BEGIN INPUT

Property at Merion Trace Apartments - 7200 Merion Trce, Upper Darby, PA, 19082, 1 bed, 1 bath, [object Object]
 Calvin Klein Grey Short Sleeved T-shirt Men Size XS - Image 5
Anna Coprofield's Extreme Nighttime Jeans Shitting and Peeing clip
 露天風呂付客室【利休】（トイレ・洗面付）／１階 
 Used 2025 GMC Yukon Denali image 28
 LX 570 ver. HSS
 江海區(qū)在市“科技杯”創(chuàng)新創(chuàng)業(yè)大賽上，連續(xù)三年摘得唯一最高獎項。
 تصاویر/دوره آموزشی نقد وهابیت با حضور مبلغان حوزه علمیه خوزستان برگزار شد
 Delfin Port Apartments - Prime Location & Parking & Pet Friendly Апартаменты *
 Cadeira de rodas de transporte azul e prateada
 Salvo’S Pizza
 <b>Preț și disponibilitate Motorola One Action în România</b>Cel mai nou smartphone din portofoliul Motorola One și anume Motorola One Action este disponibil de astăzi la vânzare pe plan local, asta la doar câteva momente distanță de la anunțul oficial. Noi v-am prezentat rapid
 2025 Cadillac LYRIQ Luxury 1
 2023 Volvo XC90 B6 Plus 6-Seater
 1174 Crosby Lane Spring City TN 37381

END INPUT

• **WHAT YOU NEED TO DO**:
Each line in the entries above, starting at the line with "Calvin Klein Grey" and ending at the line with "Salvo’S Pizza", is to be printed exactly, and only those lines.

• **WRITTEN RESPONSE**:
 Calvin Klein Grey Short Sleeved T-shirt Men Size XS - Image 5
Anna Coprofield's Extreme Nighttime Jeans Shitting and Peeing clip
 露天風呂付客室【利休】（トイレ・洗面付）／１階 
 Used 2025 GMC Yukon Denali image 28
 LX 570 ver. HSS
 江海區(qū)在市“科技杯”創(chuàng)新創(chuàng)業(yè)大賽上，連續(xù)三年摘得唯一最高獎項。
 تصاویر/دوره آموزشی نقد وهابیت با حضور مبلغان حوزه علمیه خوزستان برگزار شد
 Delfin Port Apartments - Prime Location & Parking & Pet Friendly Апартаменты *
 Cadeira de rodas de transporte azul e prateada
 Salvo’S Pizza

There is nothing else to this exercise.